What the task asks: Although the material holds pictures, none belong in the copy; transcribe exactly, and only, the lines from the one with "Kralen armband heren lichtgrijs" through the end.

((

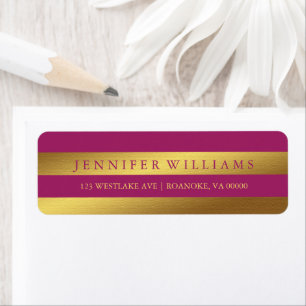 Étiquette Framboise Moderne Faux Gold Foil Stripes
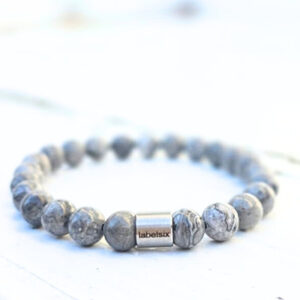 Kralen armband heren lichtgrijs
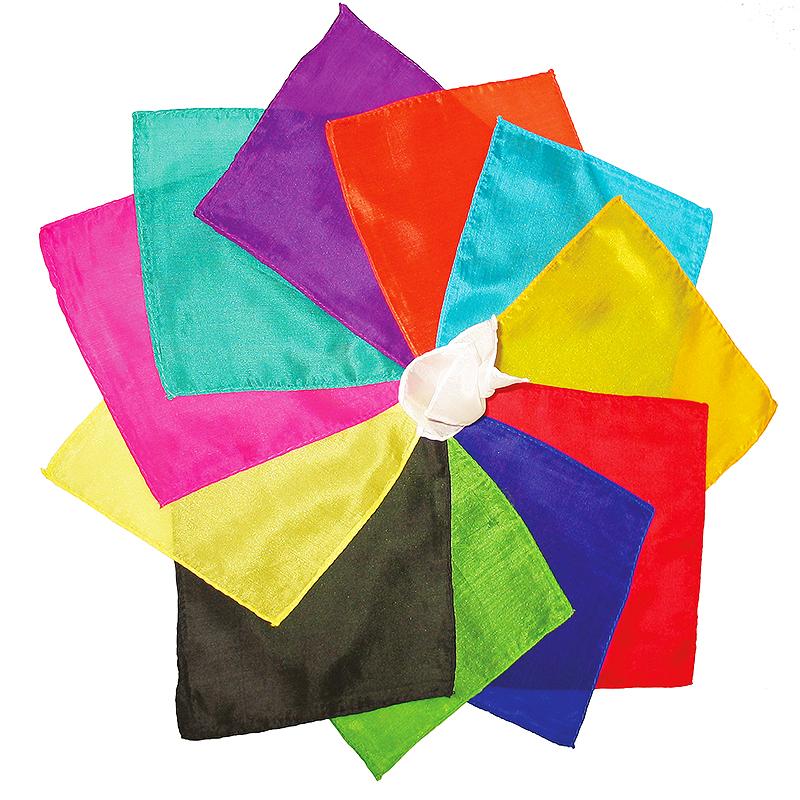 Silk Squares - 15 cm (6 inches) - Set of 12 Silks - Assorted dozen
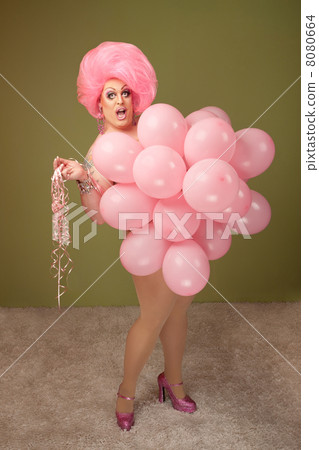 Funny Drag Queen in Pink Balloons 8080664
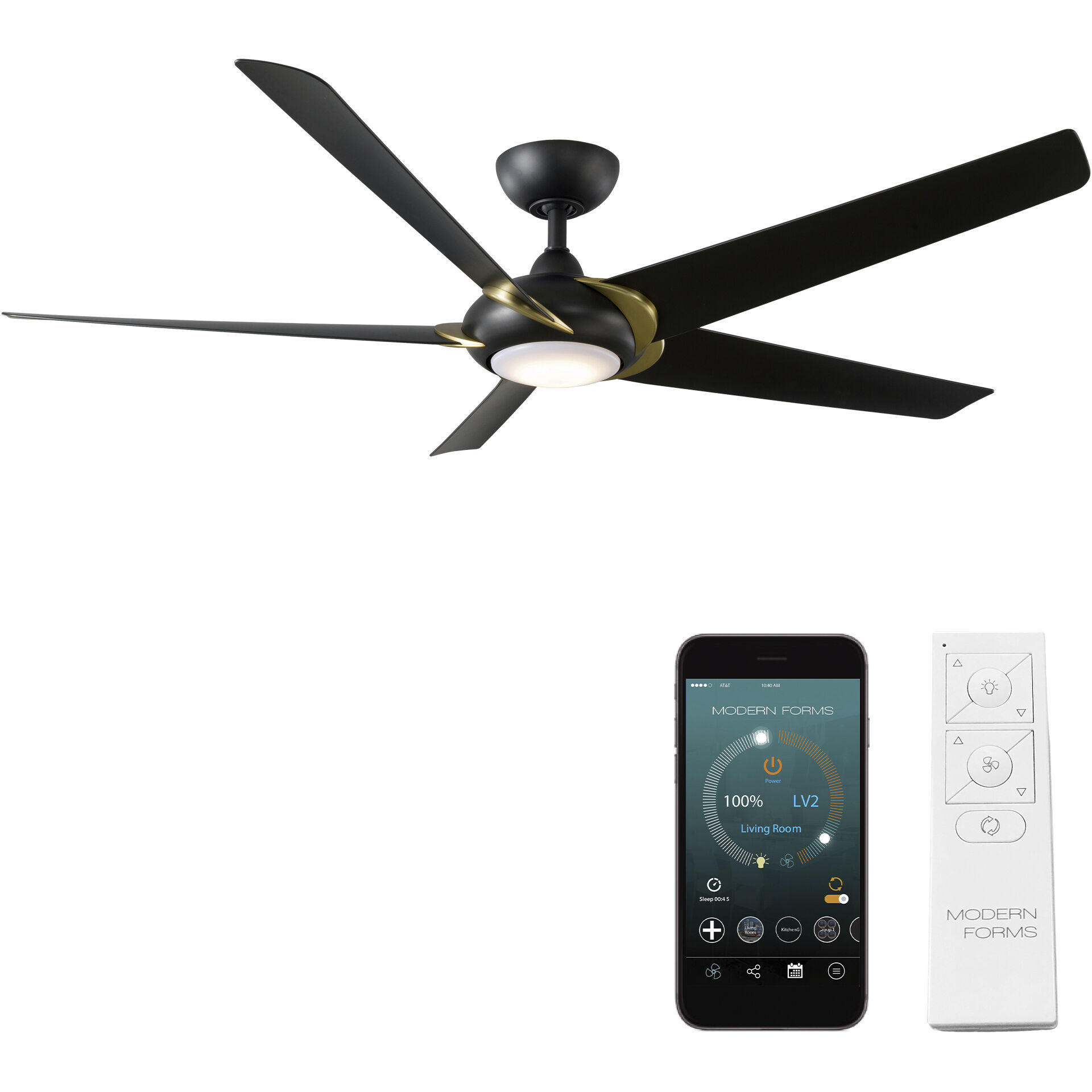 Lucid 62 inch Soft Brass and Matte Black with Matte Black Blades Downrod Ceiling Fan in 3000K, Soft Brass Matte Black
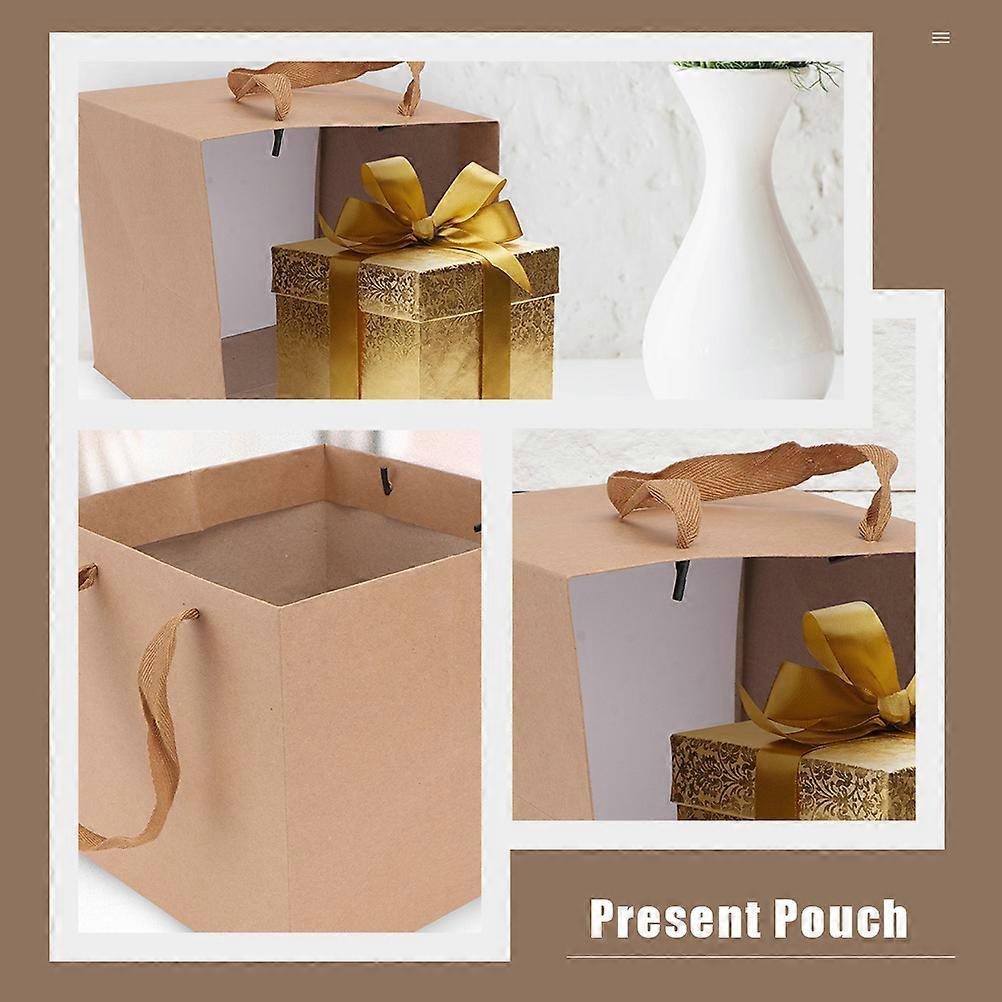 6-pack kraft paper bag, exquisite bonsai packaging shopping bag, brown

))

Task answer:
 Kralen armband heren lichtgrijs
 Silk Squares - 15 cm (6 inches) - Set of 12 Silks - Assorted dozen
 Funny Drag Queen in Pink Balloons 8080664
 Lucid 62 inch Soft Brass and Matte Black with Matte Black Blades Downrod Ceiling Fan in 3000K, Soft Brass Matte Black
 6-pack kraft paper bag, exquisite bonsai packaging shopping bag, brown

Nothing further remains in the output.